Link to the previous post : https://statinfer.com/204-4-11-k-fold-cross-validation/
This will be our last post on our Model Selection and Cross Validation Series.
Bootstrap Methods
- Boot strapping is a powerful tool to get an idea on accuracy of the model and the test error.
- Can estimate the likely future performance of a given modeling procedure, on new data not yet realized.
- The Algorithm
- We have a training data is of size N
- Draw random sample with replacement of size N – This gives a new dataset, it might have repeated observations, some observations might not have even appeared once.
- Create B such new datasets. These are called boot strap datasets.
- Build the model on these B datasets, we can test the models on the original training dataset.
Bootstrap Example
- We have a training data is of size 500
- Boot Strap Data-1:
- Create a dataset of size 500. To create this dataset, draw a random point, note it down, then replace it back. Again draw another sample point. Repeat this process 500 times. This makes a dataset of size 500. Call this as Boot Strap Data-1.
- Multiple Boot Strap datasets
- Repeat, the procedure in step -2 multiple times. Say 200 times. Then we have 200 Boot Strap datasets.
- We can build the models on these 200 boost strap datasets and the average error gives a good idea on overall error. We can even use the original training data as the test data for each of the models.

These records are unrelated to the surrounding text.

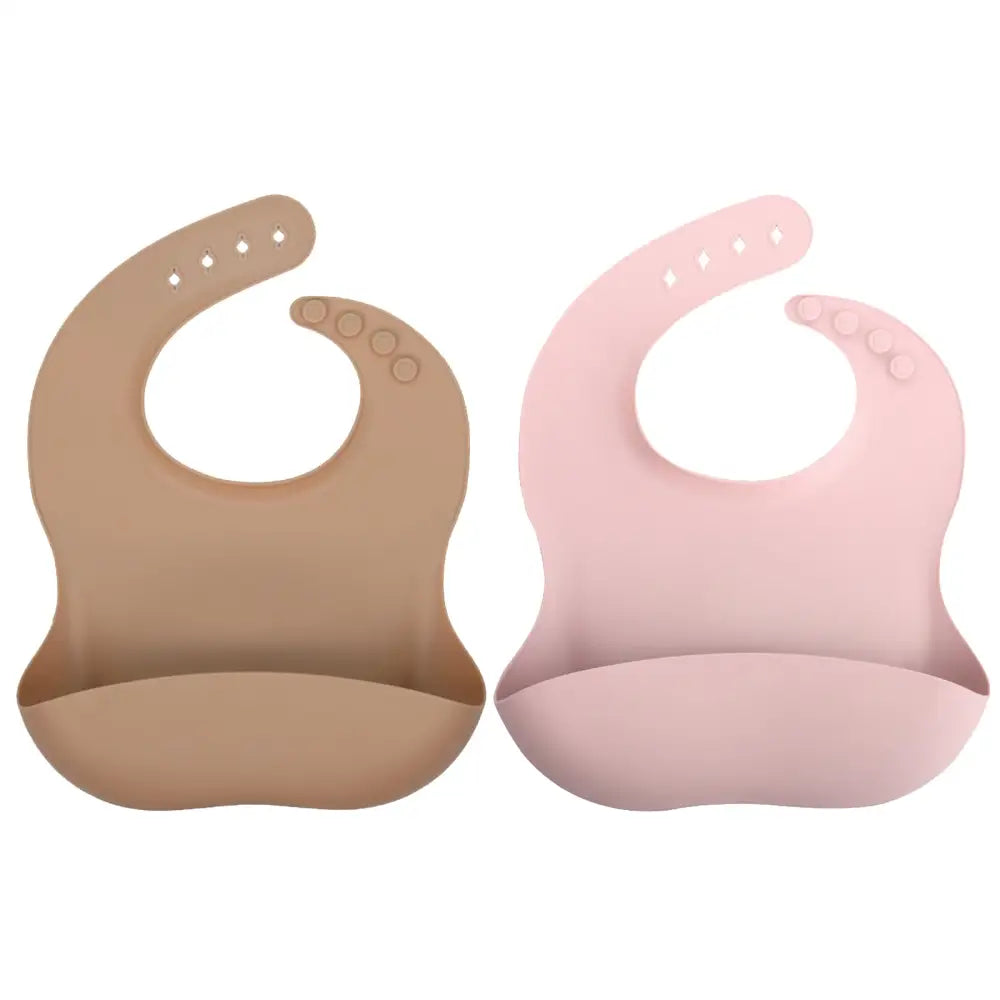 シリコンビブ お食事エプロン ベビー用 食べこぼし防止 立体ポケット付き 軽量 柔らか素材 丸めて収納 お手入れ簡単 防水 汚れにくい 持ち運び便利 離乳食グッズ 赤ちゃん用品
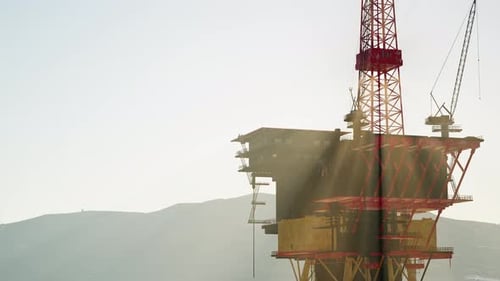 Oil Drill Rig Platform
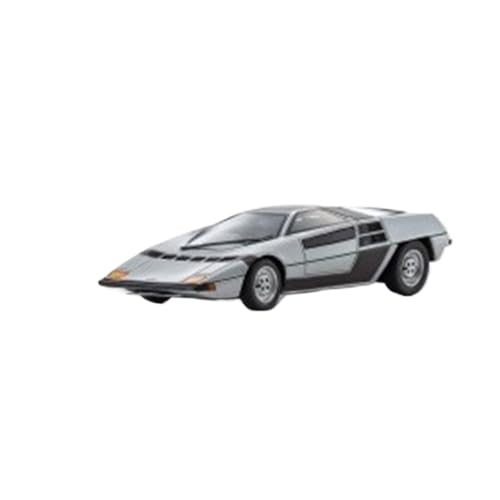 YCNXEB Miniatur Modelle 1 43 Für LB-ER34 Silhouette Skyline Mit Motor IG2848 Roter Rennwagen Legierung Automodell Metall Spielzeug Bausatz Kindergeschenk Originalgetreue Nachbildung(Silber) von YCNXEB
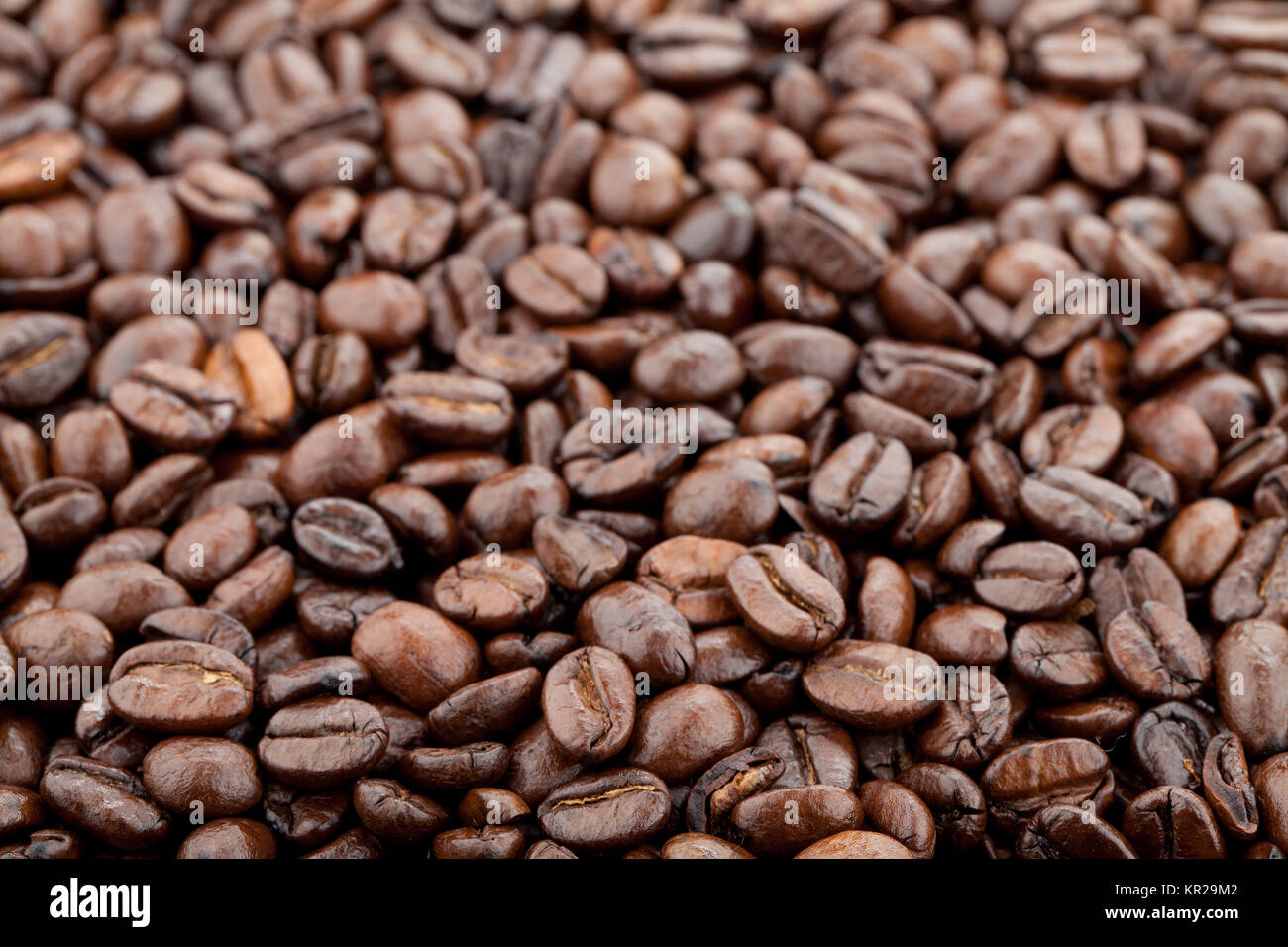 Closeup of coffee beans. Small DOF Stock Photo Alamy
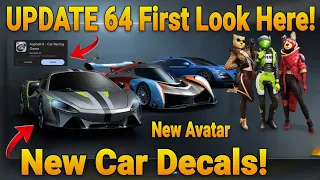 Update 64 *First Look* Here! 🥳😱 | New Features Update 64 Asphalt 8 | Asphalt 8 Update 64 | Asphalt 8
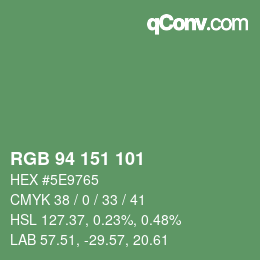 Farbcode: RGB 94 151 101 | qconv.com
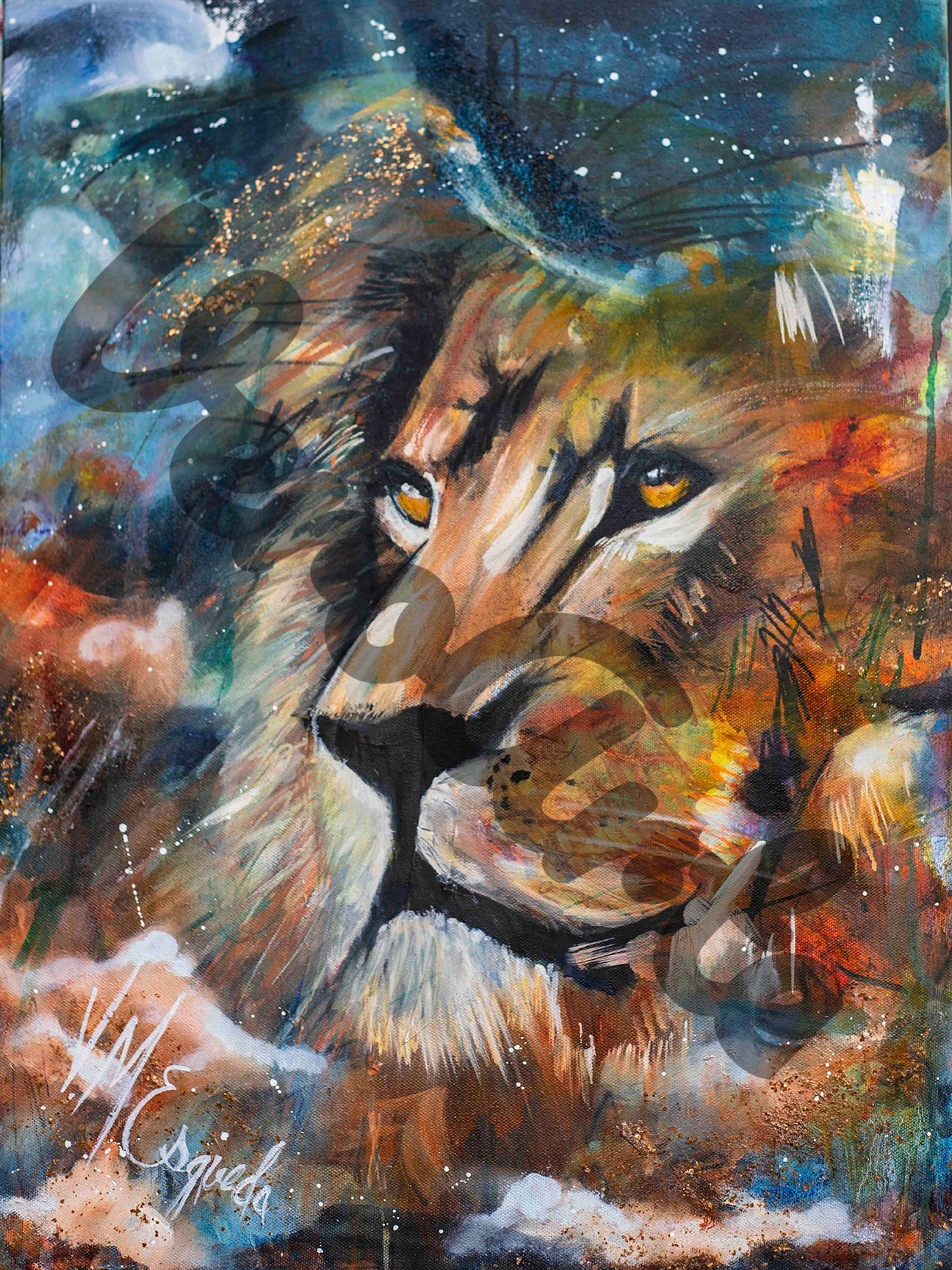 Judahs Patience 18" x 24" Original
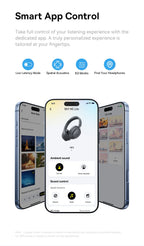 Baseus Bass BH1 NC Lite ANC Wireless Headphones 95% Noise Cancelling Headsets Headphone Bluetooth 6.0 80H Over Ear Earphones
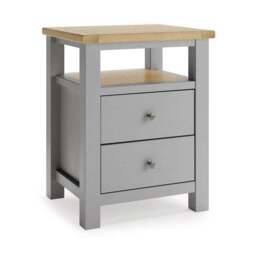 Olney 2 Drawer Bedside Table - thumbnail 6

LAB: Bootstrap Cross Validation
- Draw a boot strap sample with sufficient sample size
- Build a tree model and get an estimate on true accuracy of the model
Solution
In [42]:
# Defining the tree parameters
tree_BS = tree.DecisionTreeClassifier(criterion='gini',
splitter='best',
max_depth=30,
min_samples_split=30,
min_samples_leaf=30,
max_leaf_nodes=60)
In [43]:
# Defining the bootstrap variable for 10 random samples
bootstrap=cross_validation.ShuffleSplit(n=len(Fiber_df),
n_iter=10,
random_state=0)
In [44]:
###checking the error in the Boot Strap models###
BS_score = cross_validation.cross_val_score(tree_BS,X, y,cv=bootstrap)
BS_score
Out[44]:
In [45]:
#Expected accuracy according to bootstrap validation
###checking the error in the Boot Strap models###
BS_score.mean()
Out[45]:
With 10 bootstrap samples we can expect an Accuracy : 77.98%.
Conclusion
- We studied
- Validating a model, Types of data & Types of errors
- The problem of over fitting & The problem of under fitting
- Bias Variance Tradeoff
- Cross validation & Boot strapping
- Training error is what we see and that is not the true performance metric
- Test error plays vital role in model selection
- R-square, Adj-R-square, Accuracy, ROC, AUC, AIC and BIC can be used to get an idea on training error
- Cross Validation and Boot strapping techniques give us an idea on test error.
- Choose the model based on the combination of AIC, Cross Validation and Boot strapping results.
- Bootstrap is widely used in ensemble models & random forests.